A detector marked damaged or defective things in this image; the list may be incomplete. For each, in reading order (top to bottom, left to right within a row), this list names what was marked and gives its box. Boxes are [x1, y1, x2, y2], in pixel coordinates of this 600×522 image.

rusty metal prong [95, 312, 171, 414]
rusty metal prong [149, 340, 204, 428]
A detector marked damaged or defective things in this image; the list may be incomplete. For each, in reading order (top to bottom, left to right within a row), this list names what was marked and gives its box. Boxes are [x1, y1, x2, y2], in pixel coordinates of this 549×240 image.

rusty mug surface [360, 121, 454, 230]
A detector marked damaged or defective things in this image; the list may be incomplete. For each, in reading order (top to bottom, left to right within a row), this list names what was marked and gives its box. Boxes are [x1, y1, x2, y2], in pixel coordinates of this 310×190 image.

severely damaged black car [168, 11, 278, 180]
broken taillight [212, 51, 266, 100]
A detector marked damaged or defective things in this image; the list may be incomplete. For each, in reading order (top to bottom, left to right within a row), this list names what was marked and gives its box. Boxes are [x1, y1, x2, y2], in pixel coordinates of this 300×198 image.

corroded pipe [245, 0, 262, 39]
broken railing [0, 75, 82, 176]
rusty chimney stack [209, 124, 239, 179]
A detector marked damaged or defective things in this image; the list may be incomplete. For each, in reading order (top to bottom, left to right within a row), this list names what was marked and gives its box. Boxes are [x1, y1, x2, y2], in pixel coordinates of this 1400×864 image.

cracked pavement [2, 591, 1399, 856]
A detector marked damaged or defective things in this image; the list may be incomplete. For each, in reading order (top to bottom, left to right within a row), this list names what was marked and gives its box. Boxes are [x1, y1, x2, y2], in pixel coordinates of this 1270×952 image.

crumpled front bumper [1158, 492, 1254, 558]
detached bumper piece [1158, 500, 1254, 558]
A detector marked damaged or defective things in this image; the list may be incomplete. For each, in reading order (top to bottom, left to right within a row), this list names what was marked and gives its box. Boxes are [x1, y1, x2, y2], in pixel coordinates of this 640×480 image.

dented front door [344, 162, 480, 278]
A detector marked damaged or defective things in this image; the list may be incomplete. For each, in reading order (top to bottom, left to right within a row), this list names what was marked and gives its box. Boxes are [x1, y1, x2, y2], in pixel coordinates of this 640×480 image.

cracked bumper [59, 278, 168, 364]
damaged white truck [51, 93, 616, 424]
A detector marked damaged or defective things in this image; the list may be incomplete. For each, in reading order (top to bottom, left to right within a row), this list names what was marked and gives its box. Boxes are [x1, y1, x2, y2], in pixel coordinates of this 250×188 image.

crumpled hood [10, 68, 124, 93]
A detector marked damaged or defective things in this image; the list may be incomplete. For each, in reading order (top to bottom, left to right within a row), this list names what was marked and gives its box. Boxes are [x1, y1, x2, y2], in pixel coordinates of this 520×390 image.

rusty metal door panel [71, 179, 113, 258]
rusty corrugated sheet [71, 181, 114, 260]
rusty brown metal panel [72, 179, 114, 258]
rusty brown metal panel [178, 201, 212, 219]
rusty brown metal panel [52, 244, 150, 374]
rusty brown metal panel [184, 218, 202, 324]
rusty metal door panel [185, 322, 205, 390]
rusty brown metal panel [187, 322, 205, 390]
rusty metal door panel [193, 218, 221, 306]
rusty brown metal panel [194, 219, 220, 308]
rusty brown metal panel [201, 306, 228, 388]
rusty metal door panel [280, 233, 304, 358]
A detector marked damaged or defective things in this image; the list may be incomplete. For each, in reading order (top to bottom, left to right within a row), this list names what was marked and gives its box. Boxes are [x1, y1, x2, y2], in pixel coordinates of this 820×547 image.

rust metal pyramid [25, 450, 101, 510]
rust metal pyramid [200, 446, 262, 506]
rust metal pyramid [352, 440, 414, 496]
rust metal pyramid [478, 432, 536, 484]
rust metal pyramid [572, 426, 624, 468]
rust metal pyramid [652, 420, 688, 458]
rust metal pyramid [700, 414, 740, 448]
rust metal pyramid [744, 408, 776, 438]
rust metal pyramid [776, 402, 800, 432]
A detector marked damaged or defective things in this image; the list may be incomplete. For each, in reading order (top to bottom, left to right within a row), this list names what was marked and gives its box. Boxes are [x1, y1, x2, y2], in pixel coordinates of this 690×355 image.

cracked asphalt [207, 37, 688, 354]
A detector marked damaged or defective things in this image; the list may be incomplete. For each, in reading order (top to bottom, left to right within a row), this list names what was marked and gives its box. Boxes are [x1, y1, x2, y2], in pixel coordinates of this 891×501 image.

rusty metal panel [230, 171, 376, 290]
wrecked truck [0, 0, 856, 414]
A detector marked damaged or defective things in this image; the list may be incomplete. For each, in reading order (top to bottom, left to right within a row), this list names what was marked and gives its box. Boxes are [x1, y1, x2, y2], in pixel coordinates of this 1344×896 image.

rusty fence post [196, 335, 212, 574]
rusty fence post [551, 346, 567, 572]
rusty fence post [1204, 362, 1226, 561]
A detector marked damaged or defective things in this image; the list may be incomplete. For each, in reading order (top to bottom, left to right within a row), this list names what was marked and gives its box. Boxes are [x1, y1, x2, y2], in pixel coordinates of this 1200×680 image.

=-=-=-=-=

What to produce: Each line from the one holding "this 690×355 image." to the end of the data above goes into the answer exactly as written, and no other line does.

Answer for the task:
A detector marked damaged or defective things in this image; the list may be incomplete. For each, in reading order (top to bottom, left to right within a row), this list names what was marked and gives its box. Boxes are [x1, y1, x2, y2], in pixel coordinates of this 690×355 image.

cracked asphalt [207, 37, 688, 354]
A detector marked damaged or defective things in this image; the list may be incomplete. For each, in reading order (top to bottom, left to right within a row), this list names what was marked and gives its box. Boxes are [x1, y1, x2, y2], in pixel coordinates of this 891×501 image.

rusty metal panel [230, 171, 376, 290]
wrecked truck [0, 0, 856, 414]
A detector marked damaged or defective things in this image; the list may be incomplete. For each, in reading order (top to bottom, left to right within a row), this list names what was marked and gives its box. Boxes are [x1, y1, x2, y2], in pixel coordinates of this 1344×896 image.

rusty fence post [196, 335, 212, 574]
rusty fence post [551, 346, 567, 572]
rusty fence post [1204, 362, 1226, 561]
A detector marked damaged or defective things in this image; the list may be incomplete. For each, in reading order (top to bottom, left to right within a row), this list names what was marked and gives its box. Boxes are [x1, y1, x2, y2], in pixel coordinates of this 1200×680 image.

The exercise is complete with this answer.